There is a fee to transfer an ownership, charged by Wyndham---it is charged for each transfer.  Last I checked, it was in the vicinity of $200.


----------



## YeongWoo (May 8, 2010)

*half truths and down right lies...*

The truth is you will get full use of the Wyndham system with an Ebay purchase.  Some of the listings on Ebay are even free because the seller will pay all closing costs and the transfer fees leaving you responsible for just your bid.  So it's a good deal right now resale but the salesperson obviously doesn't want you to buy resale.

You are buying real estate and that has tangible rights.  Wyndham has tried to create the illusion of value for their retail price using an array of phony benefits.  Wyndham changes those benefits from time to time but no one can change your rights in the underlying real estate.  What's more most of the good benefits come at higher point levels than you are considering.  I'm sure there were some nuggets of truth in what the salesperson said but I wouldn't trust any of it.

I'm certainly not bashing Wyndham because they have a great product but they have some salespeople that are clearly unethical.


----------



## rcollinsny (May 9, 2010)

*Wyndham Transfer Fees*

We have two resale purchases at Wyndham right now waiting to be transferred into our name.
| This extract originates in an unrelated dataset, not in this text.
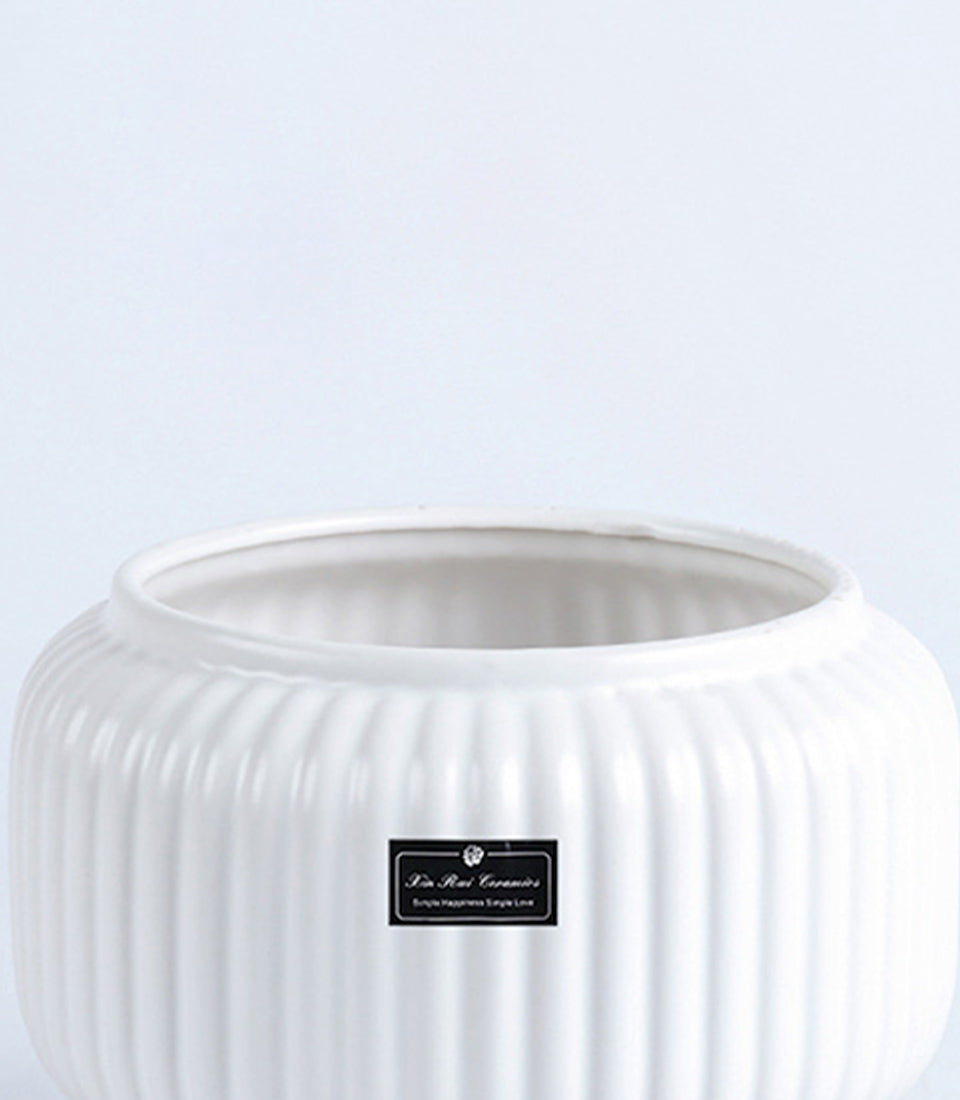 White ceramic fluted vase with ribbed texture, ideal for fresh flowers or decorative display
The fee is $100 for each unless you want an Estoppel letter, then add $25 for that.

These purchases were from eBay and from the TUG website. My TOTAL closing costs including the Wyndham transfer fee was $225 for one and $363 for the other. We have used timeshareclosingsforless.com and they have provided great service at very reasonable prices.
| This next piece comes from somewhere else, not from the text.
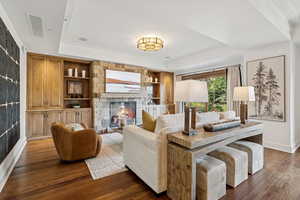Living room with crown molding, dark wood-style flooring, a stone fireplace, and built in features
Many resale sites and some eBayers try to fold in all sorts of closings costs so buyer beware. Do your homework!! In any event, a $5,000 closing cost is an outright lie or highway robbery!!

Happy shopping.


----------



## Rob&Carol Q (May 10, 2010)

YeongWoo said:


> I'm certainly not bashing Wyndham because they have a great product but they have some salespeople that are clearly unethical.



Weasels...Unethical?

I'm shocked! Shocked, I tell you.  To see those two words in the same sentence...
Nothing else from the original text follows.